A Tale of Two Economies: The U.S. and China

Includes: FXI, IVV, PGJ, SPY
by: David Hunkar

In this post, let's take a look at some of the differences between China and the USA. The chart below shows the comparison of government finances between the two countries.

click to enlarge


Source: Der Speigel

China has the world’s largest foreign currency reserves. Though the chart says it is $1.9T, the more recent figure was $2.4 Trilllion at the end of December 2009.

The public debt as a percentage of GDP for the U.S. is more than double that of China at about 38%.

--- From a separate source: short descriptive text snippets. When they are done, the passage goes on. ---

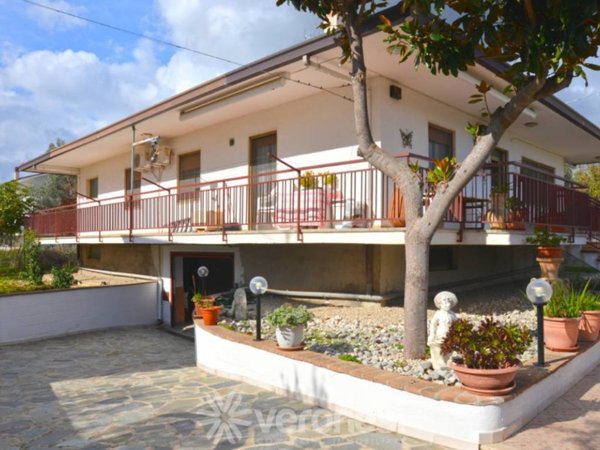 casa indipendente in vendita a Rocca San Giovanni in zona Perazza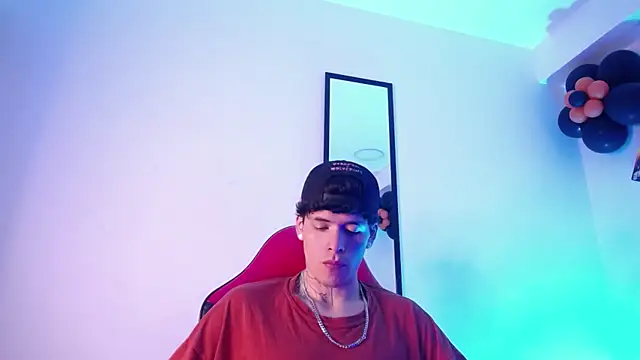 Snapshot of Anhonymus_ chatting on October 21, 2025, 3:39 am Anhonymus online show from October 21, 2025, 3:39 am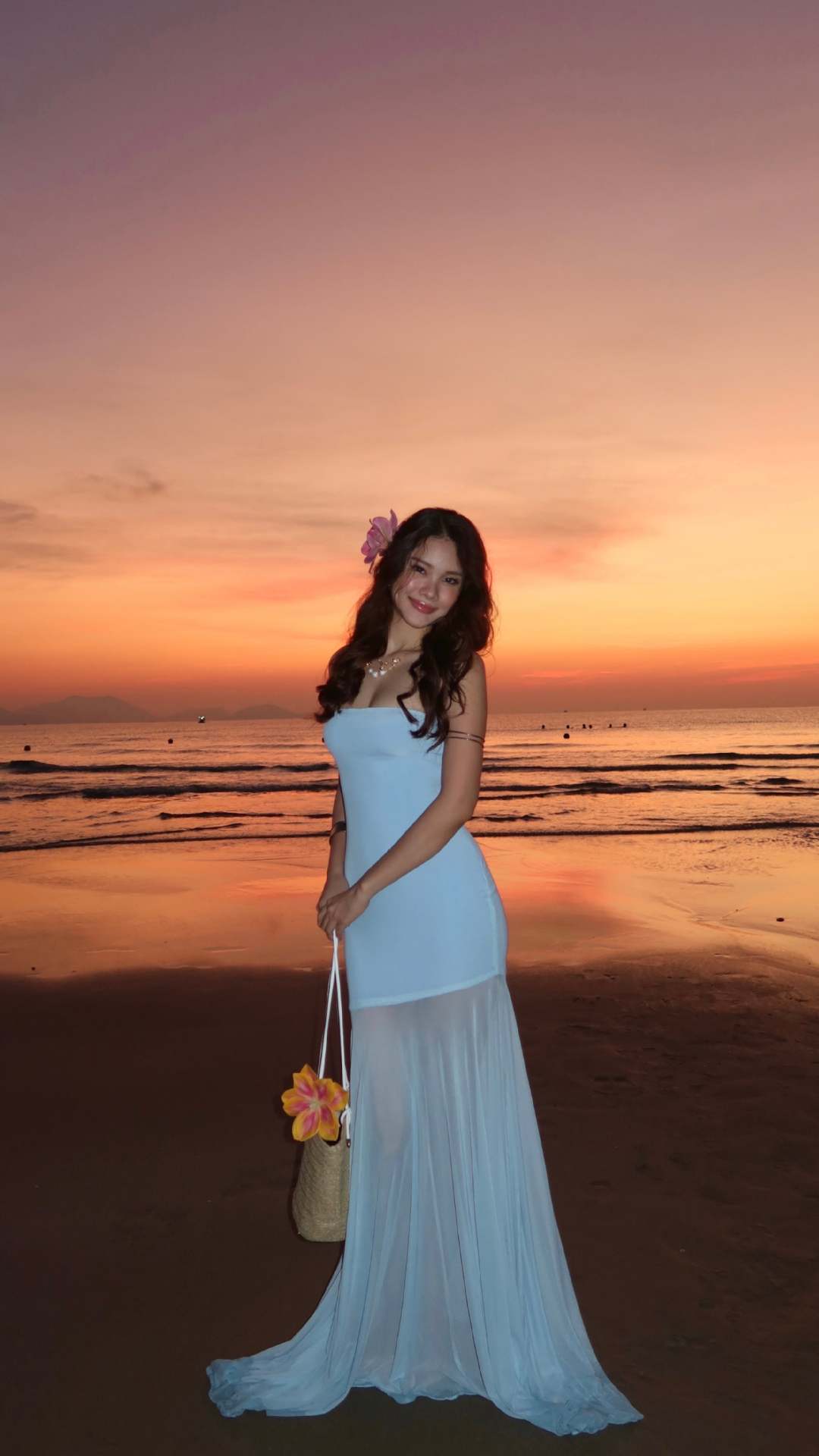 Mesh Dress with High Waist Design for Perfect Cocktail Events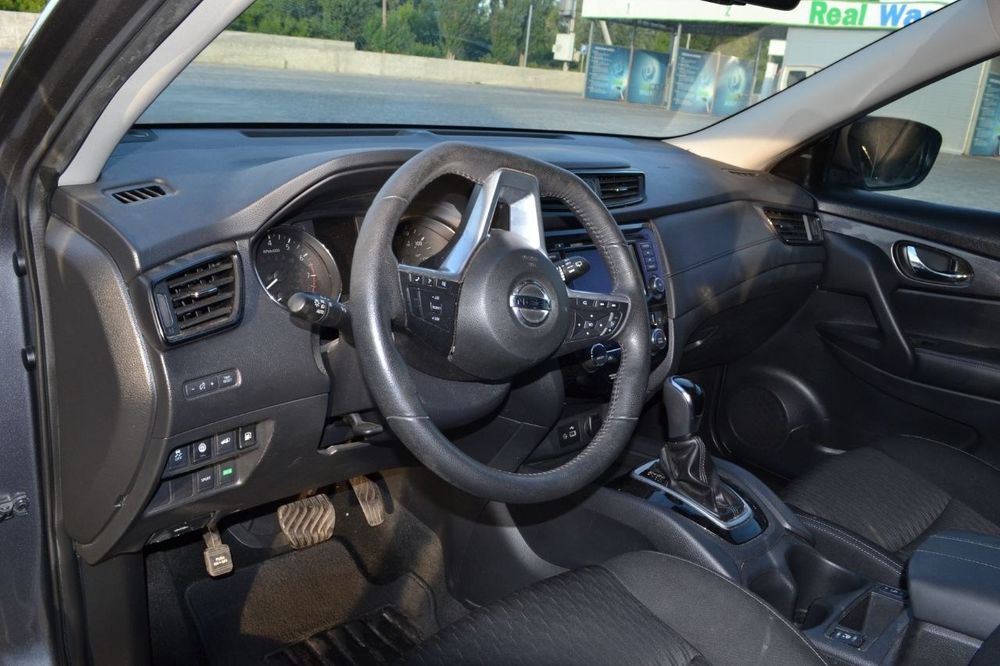 автомобіль нісан рог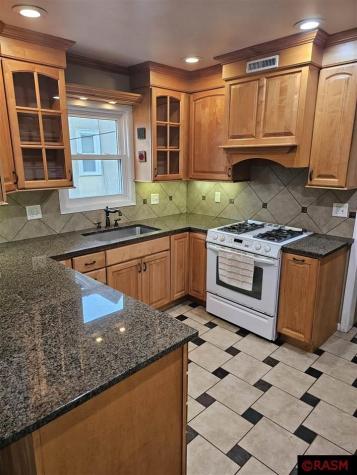 1121 S Minnesota Street New Ulm MN 56073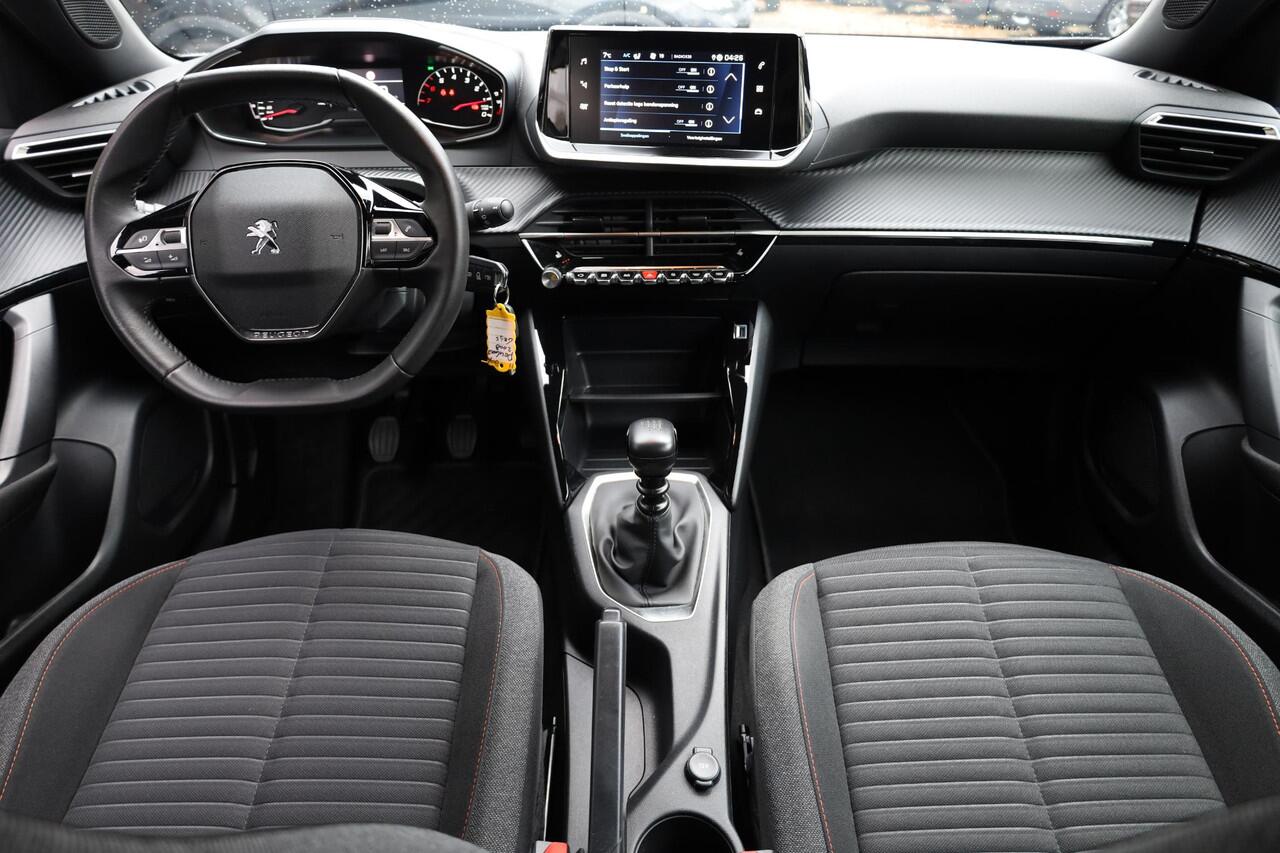 Peugeot 2008 1.2 PureTech Active Pack CAMERA STOELVERW. CARPLAY LMV PDC CRUISE DAB DEALER-ONDERHOUDEN ENZ!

China’s total external debt is just $400B. China is the creditor nation in this comparison while the U.S. is the debtor nation. Currently the gross external debt of the U.S. is a whopping $13.75 Trillion. According to the U.S. Office of the Treasury, the majority of this debt is in the form of long-term bonds and notes.

Clearly the U.S. has long ways to go before it can eliminate the public debts to low levels and become a creditor nation again.


The services sector forms about 80% of the U.S. economy whereas in China it is just 40%. Since the majority of the U.S. manufacturing was relocated offshore to developing countries, this sector accounts for just 19% of the U.S. economy. In China manufacturing accounts for 49% of the economy. A significant portion of the services sector economy in the U.S. was based in the FIRE (Finance, Insurance and Real Estate) industries. Since the credit crisis, the financial and real estate sector have laid off thousands of workers and the industries are still on shaky grounds. For example, it may be many years before a meaningful recovery takes place in the real estate industry.

One way for the U.S. to accelerate the economic recovery would be to invest heavily in the manufacturing sector and increase it level of exports.